Julia Morison ONZM has a prestigious career spanning four decades. She has built a significant body of work across a wide range of media, including painting, photography, sculpture and installation. At the heart of her practice is an interest in investigating, reimagining and recoding a range of existing systems of ordering. She has previously drawn inspiration from the Jewish Kabbalah, number symbolism, Hermeticism and surrealism. A recent series looked to the Victorian card game myriorama to create a collection of works that used a similar sequence of interlocking panels with consistent horizon lines. Though the horizons in Morison’s works can arc ninety degrees, up or down, and even loop back on themselves, as well as twisting, knotting and fraying, so at their most elaborate appear more as forms associated with Gothic or Celtic art, or the Art Nouveau. Though she has a long-standing interest in the Modernist grid, and its accompanying concerns with logic, repetition and pattern, she is just as interested in material alchemy. Though her works embrace formal concerns, she also appears akin to a pre-enlightenment scientist—there is a method to her investigations, but they are not necessarily ones that we are familiar with, or ones that end up where we might expect. In this way, her works have a strange, mystical energy—there is a sense of trying to wrangle into place something that is otherworldly, and only Morison has the correct tools to do it.

 

Julia Morison (b. 1952, Pahiatua, New Zealand) lives and works in Christchurch, New Zealand.
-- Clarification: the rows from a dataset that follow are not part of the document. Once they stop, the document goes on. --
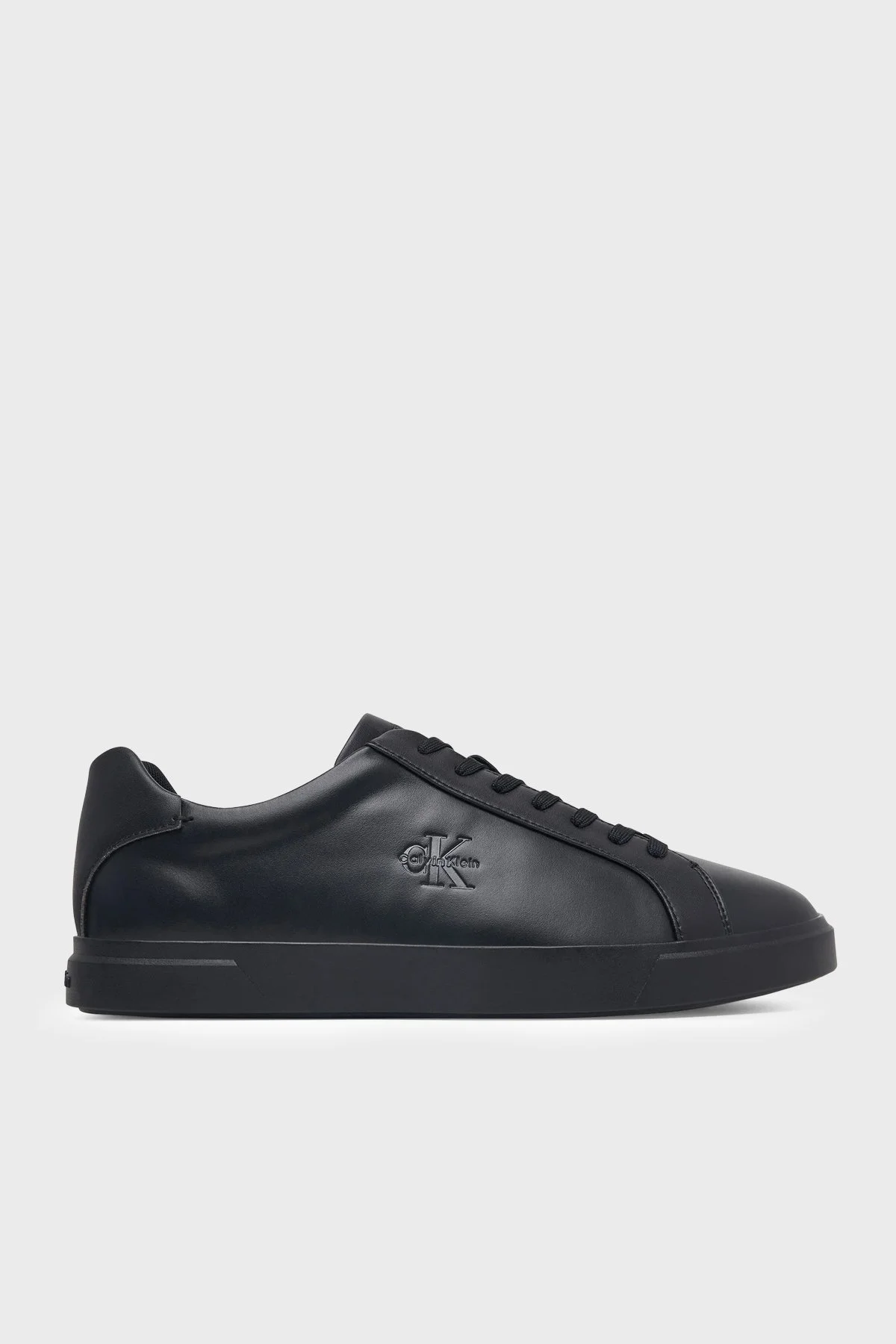 Calvin Klein Logolu Deri Sneaker HM0HM021230GJ Erkek Ayakkabı HM0HM02123 0GJ Siyah - 1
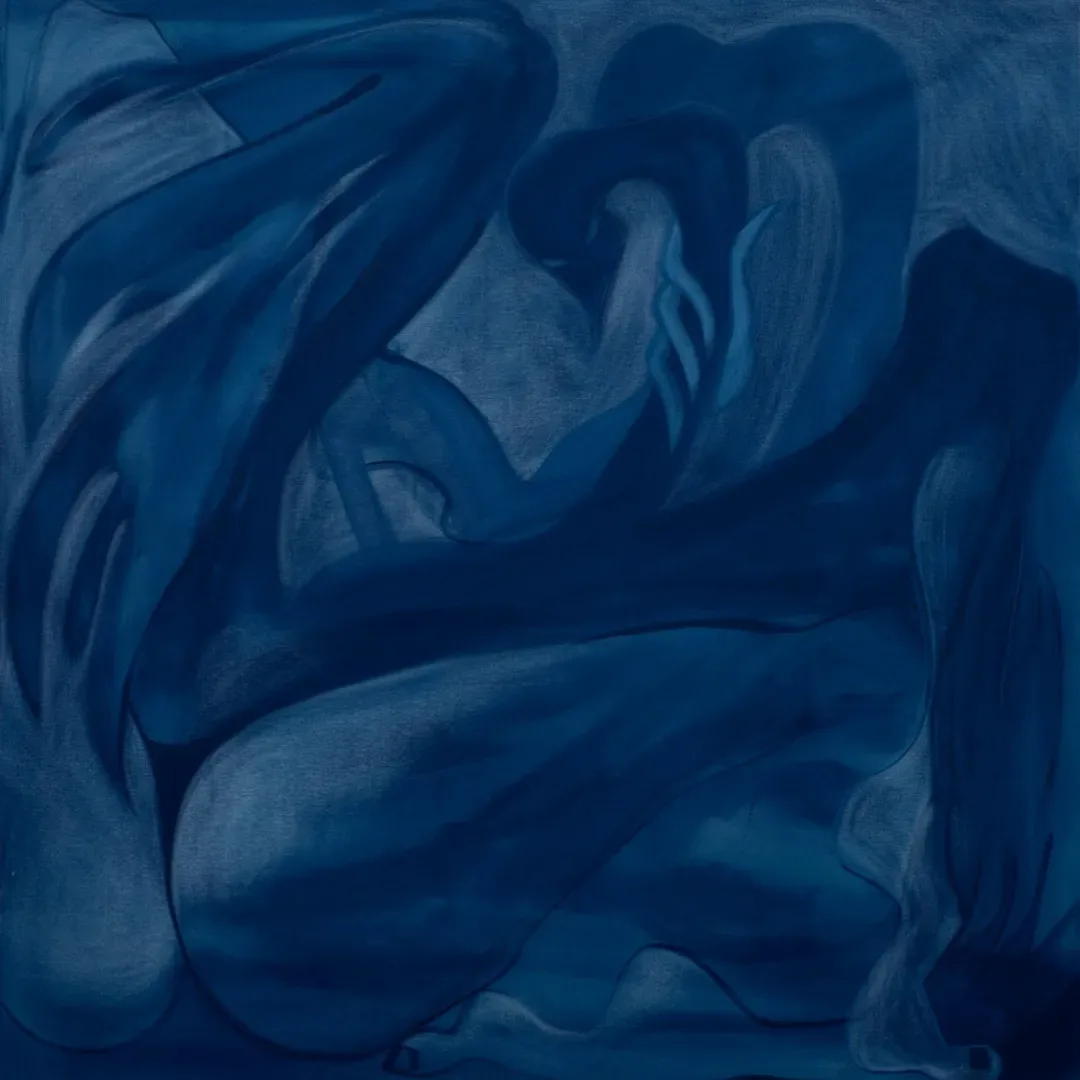 Abstract monochromatic painting in deep blue tones with gestural brushstrokes and overlapping organic forms creating dimensional composition.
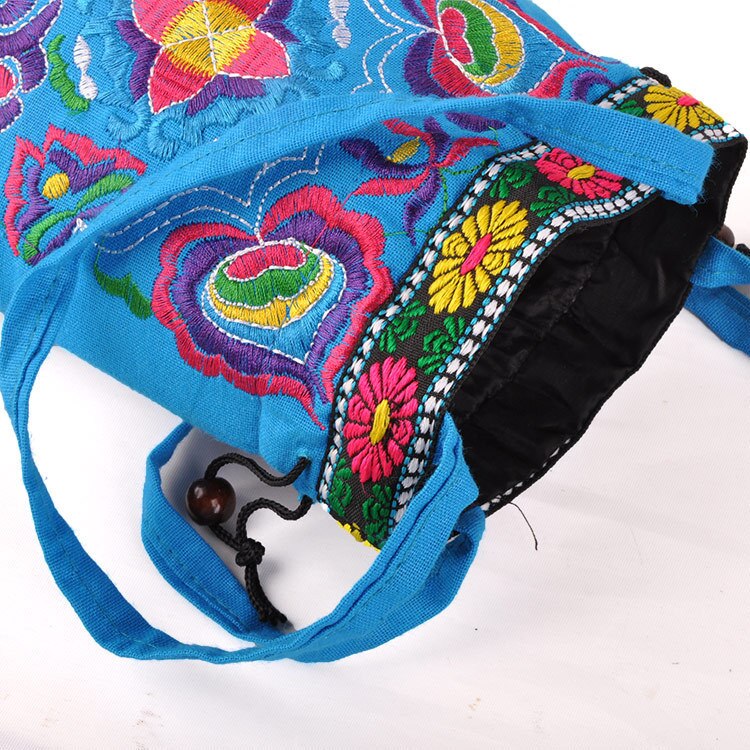 Pochettes de rangement à domicile brodées à la ! Sacs à poignée supérieure brodés à fleurs thé/café/bonbons, porte-monnaie en toile mignon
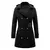 Soft Wool Long Winter Coat for Women, Black, Large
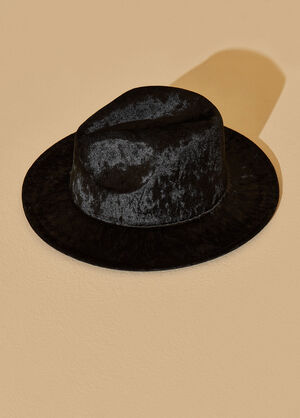 Crushed Velvet Fedora Hat, Black image number 1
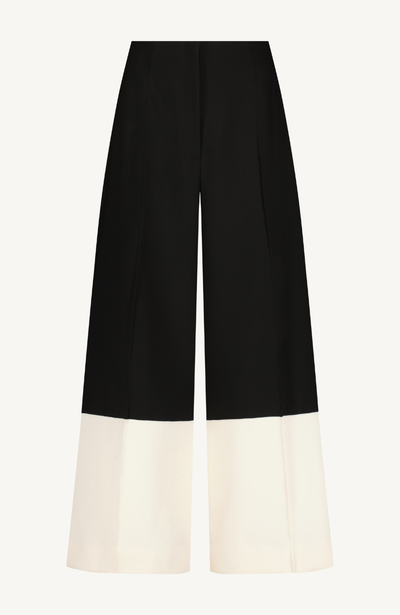 Stretch Twill Two-Tone Wide Leg Pant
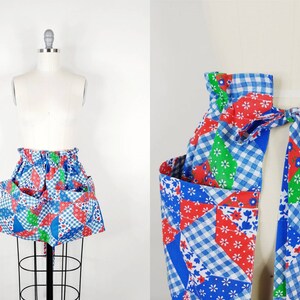 1970s Patchwork Work Apron | Vintage 70s Blue Red Green Quilt Print Half Apron | Women's Kitchen Cooking Apron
She has exhibited nationally and internationally and been awarded numerous grants and awards, including the Frances Hodgkins Fellowship (1989), and the prestigious New Zealand Moët & Chandon Fellowship (1990), which allowed her to travel to France for a year’s residency. She made France her base for the next decade, returning to New Zealand to take up an appointment as senior lecturer of painting at the University of Canterbury (1999 – 2007). She became a New Zealand Arts Foundation Laureate in 2005, and in 2018 she was made an Officer of the New Zealand Order of Merit (ONZM).